The challenge is to adjust supplier payment terms to disbursements from the marketplace. Cash flow pressure following growth increases when this adjustment fails to succeed.
Supplier credit limits
Supplier credit limits are in line with supplier payment terms. For example: your monthly credit limit is 100,000 euro with a payment term of 30 days, but your turnover increased to a purchase value of 150,000 euro. Your supplier credit limit is exceeded by 50,000 euro. This can be extended when you have a healthy, long term relationship with your supplier, but if you don’t, it might be the case that this results in direct payments. This means that 50,000 euro needs to be financed by the marketplace seller as a “cash-out”. This could put a brake on turnover growth when personal cash-out is not feasible, which is a pity!
Payment terms for disbursements from marketplaces
The consumer often pays directly to the marketplace, but the marketplace seller does not receive their earnings directly. The payment interval differs per marketplace: once or few times a month is common. A monthly payment term could put a strain on growth when turnover increases significantly.
Solutions for cash flow problems
A solution is necessary to keep a healthy cash flow position if you choose not to put a hold on growth. This solution could reside in the following 3 options:
Try to improve supplier payment terms and supplier credit limits.
Try to arrange financing that ensures growth continuity
Decrease overhead costs by means of automation. Increasing automation leads to decreasing administrative activities which has a positive impact on overhead.
Supplier agreements should always be on top of your mind, so we will not zoom in to this topic. Automation can be arranged very effectively via smart automation. Financing is another subject, which needs further explanation.

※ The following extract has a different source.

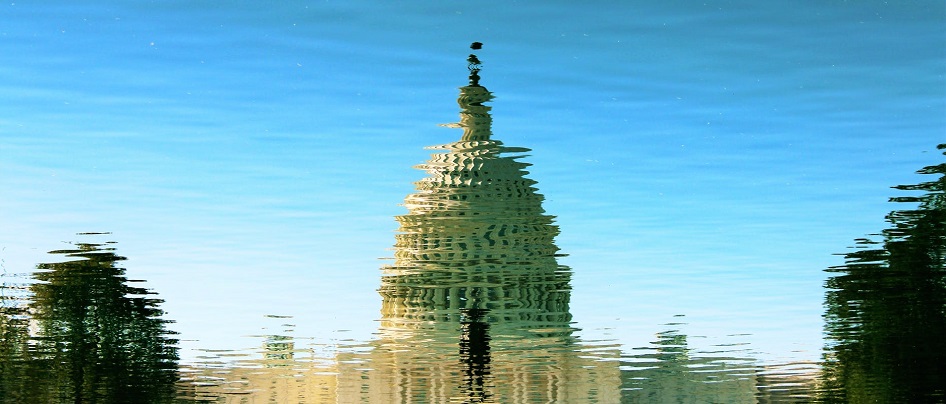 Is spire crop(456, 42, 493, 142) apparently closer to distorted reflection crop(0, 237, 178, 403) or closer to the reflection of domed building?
the reflection of domed building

There are multiple ways to finance growth. Some have more impact than others. “Venture capital” is a term which is often used in the online world. This kind of financing impacts the organisational structure and control, so we will not focus on this.

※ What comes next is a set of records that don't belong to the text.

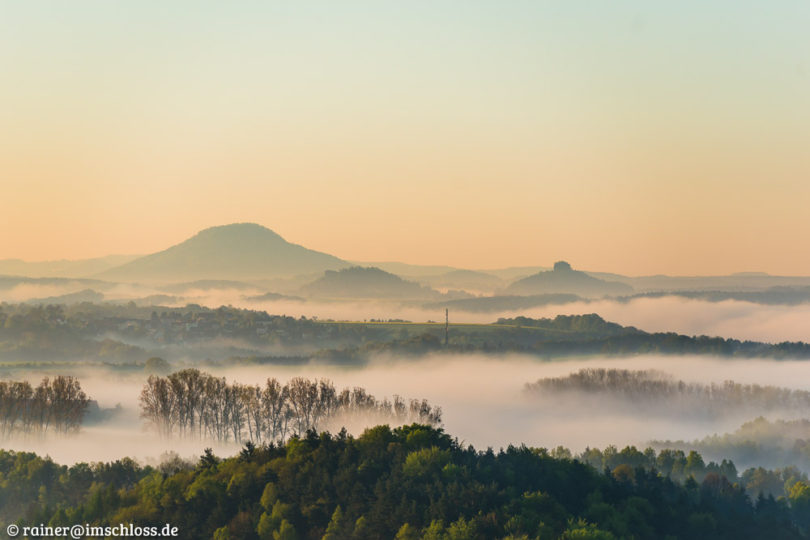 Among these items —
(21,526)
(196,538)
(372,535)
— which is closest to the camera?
(372,535)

There are simpler ways to arrange financing for your exponential growth.
Growth financing can also be realised by advance payments, for which you pay a small fee.

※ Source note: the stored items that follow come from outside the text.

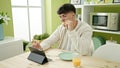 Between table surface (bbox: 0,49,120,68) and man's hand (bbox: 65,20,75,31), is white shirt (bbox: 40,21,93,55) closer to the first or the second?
man's hand (bbox: 65,20,75,31)

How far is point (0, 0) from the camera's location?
2.27 meters

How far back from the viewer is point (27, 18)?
324cm

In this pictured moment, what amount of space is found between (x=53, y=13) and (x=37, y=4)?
406 millimetres

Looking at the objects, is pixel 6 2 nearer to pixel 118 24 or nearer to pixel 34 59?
pixel 34 59

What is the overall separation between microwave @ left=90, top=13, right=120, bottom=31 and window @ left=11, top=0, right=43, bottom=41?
3.69 feet

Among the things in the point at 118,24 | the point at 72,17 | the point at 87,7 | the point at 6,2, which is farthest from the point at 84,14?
the point at 6,2

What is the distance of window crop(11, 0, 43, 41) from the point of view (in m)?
3.12

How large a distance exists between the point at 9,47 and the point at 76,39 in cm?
88

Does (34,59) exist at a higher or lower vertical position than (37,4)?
lower

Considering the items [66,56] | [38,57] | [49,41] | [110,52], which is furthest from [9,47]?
[110,52]

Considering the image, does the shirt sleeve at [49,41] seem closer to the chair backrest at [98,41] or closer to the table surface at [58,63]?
the table surface at [58,63]

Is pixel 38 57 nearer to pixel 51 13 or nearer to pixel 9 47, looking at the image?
pixel 9 47

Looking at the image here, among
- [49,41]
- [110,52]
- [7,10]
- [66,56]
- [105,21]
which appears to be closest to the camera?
[66,56]

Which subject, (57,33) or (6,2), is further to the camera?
(6,2) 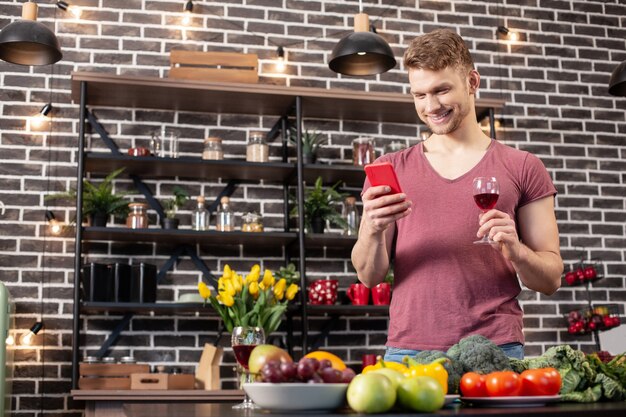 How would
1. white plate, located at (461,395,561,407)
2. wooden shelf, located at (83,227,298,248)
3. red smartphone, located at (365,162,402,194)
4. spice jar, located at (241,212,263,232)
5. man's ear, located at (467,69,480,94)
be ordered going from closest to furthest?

Capital providers assess your turnover volume or credits with the marketplace and based on that, they will provide available funding before disbursement from the marketplaces. This enables you to continue growing your business and making sure supplier payments are paid in time.
You don’t want to put a strain on growth, but it should also not come at every expense. Think carefully about below matters, so cash flow pressure is reduced:
Stay in contact with your suppliers about payment terms and credit limits.
Adjust supplier payment terms to disbursement from marketplaces.
Optionally work with ‘advance financing’
Reduce overhead costs, so your cash flow position remains healthy. This can easily be achieved by using a powerful Marketplace Integration Platform such as Effect Connect
Rabobank for bol.com entrepreneurs
Rabobank now offers a special service for bol.com entrepreneurs: Flexible Financing. This is a monetary loan which is connected to your turnover at bol.com. Is your turnover lower in one month, then your repayment is less. Did your turnover increase in the next month? Then you can increase your repayment again. There are several criteria that need to be met in order to be eligible for this type of financing.
Payoneer, a well-known international player in the field of payments and financing, offers financing based on monthly sales with their Capital Advance cash flow management solution. You can receive funding up to 460,000 euro.
This company from s-Hertogenbosch in the Netherlands offers prepayments from marketplace revenues against a small fee. Prepayments are determined by the credit on marketplaces. The Factor Company receives the disbursement from the marketplace and pays you as a seller. At this moment, the Factor Company is only working with bol.com.